Task item - Return the following lines and nothing else: the one holding "270 Wellington Street W 1005" and all those after it in the records below, unchanged, minus any pictures.

Record excerpts -
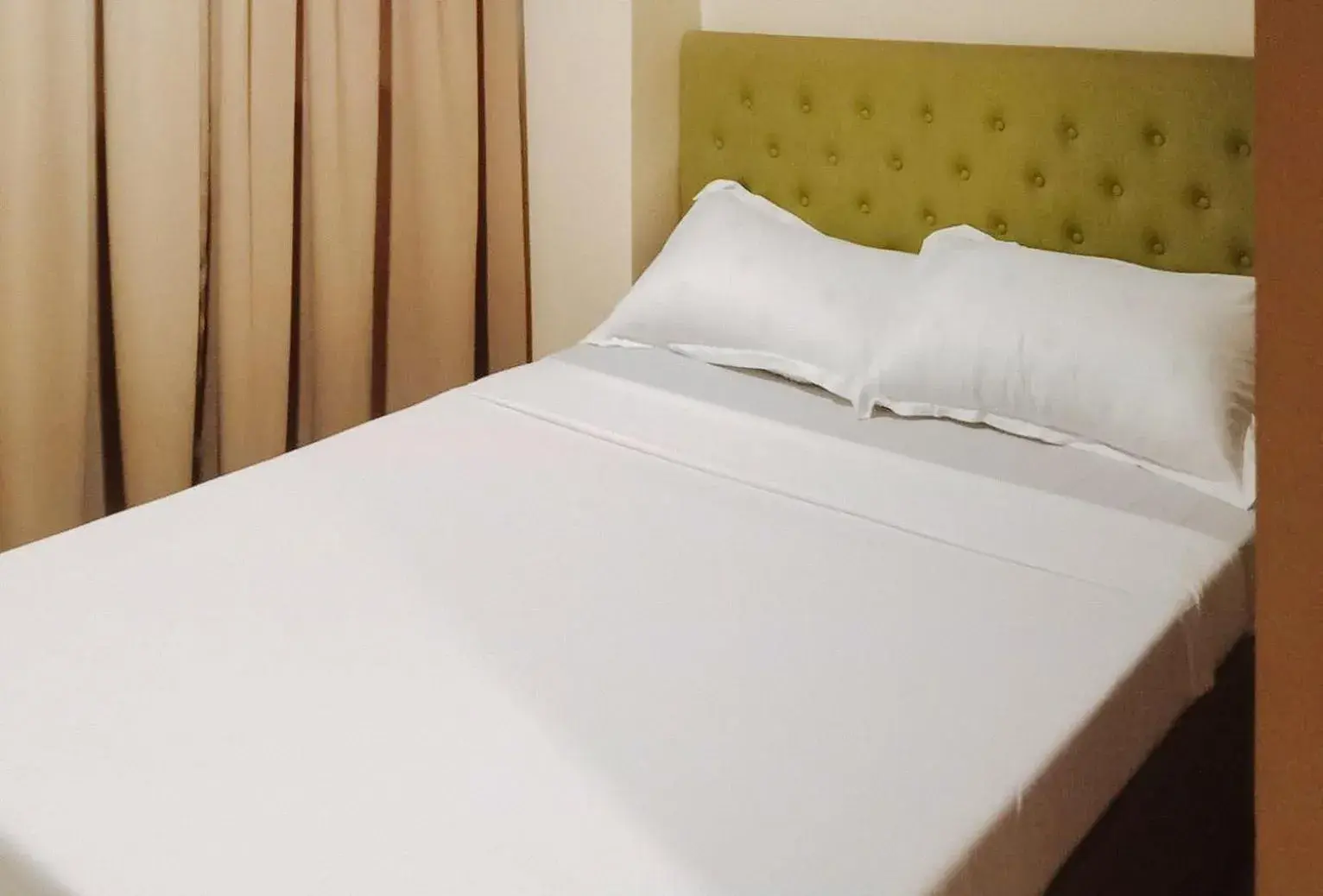 Deluxe Room in RedDoorz @ Benelio Suites Pavia Iloilo Deluxe Room in RedDoorz @ Benelio Suites Pavia Iloilo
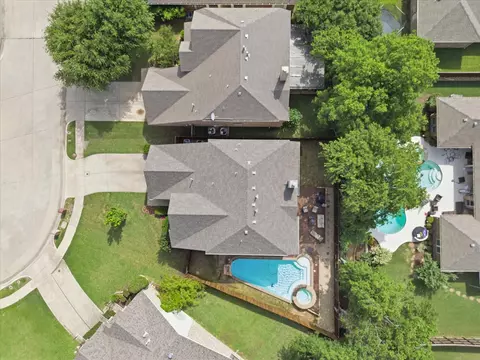 2621 Cross Haven Dr, Flower Mound, TX 75028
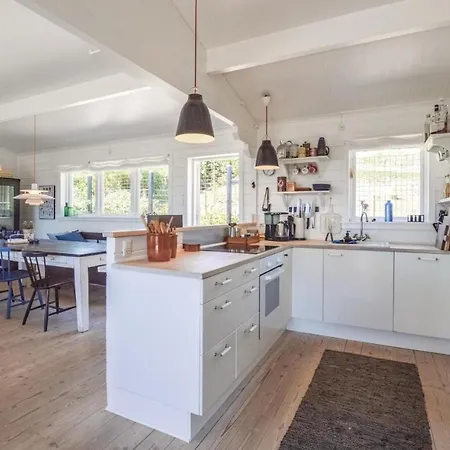 Three-bedroom Holiday In Holbak Semesterbostad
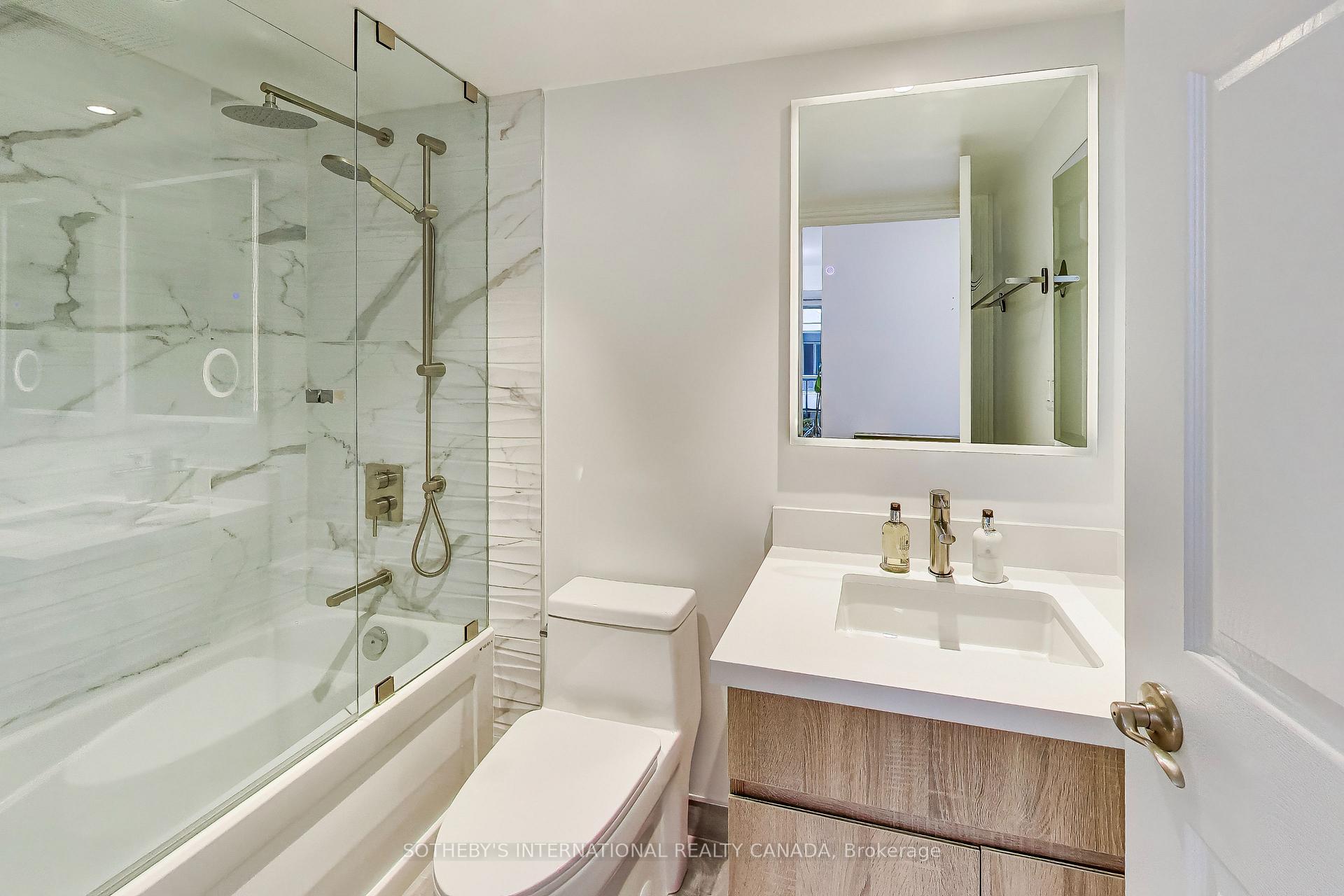 270 Wellington Street W 1005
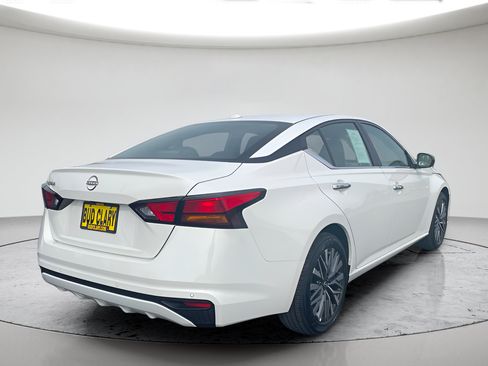 Used 2025 Nissan Altima 2.5 SV FWD image 3
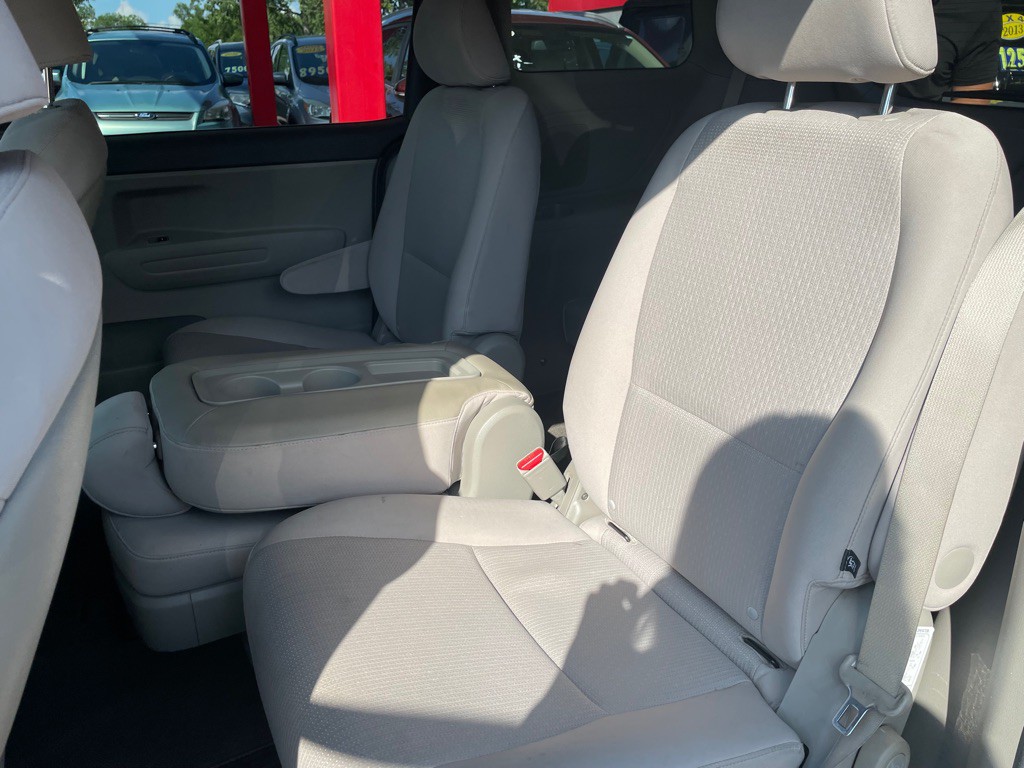 2016 Kia Sedona Image 12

Exercise solution -
 270 Wellington Street W 1005
 Used 2025 Nissan Altima 2.5 SV FWD image 3
 2016 Kia Sedona Image 12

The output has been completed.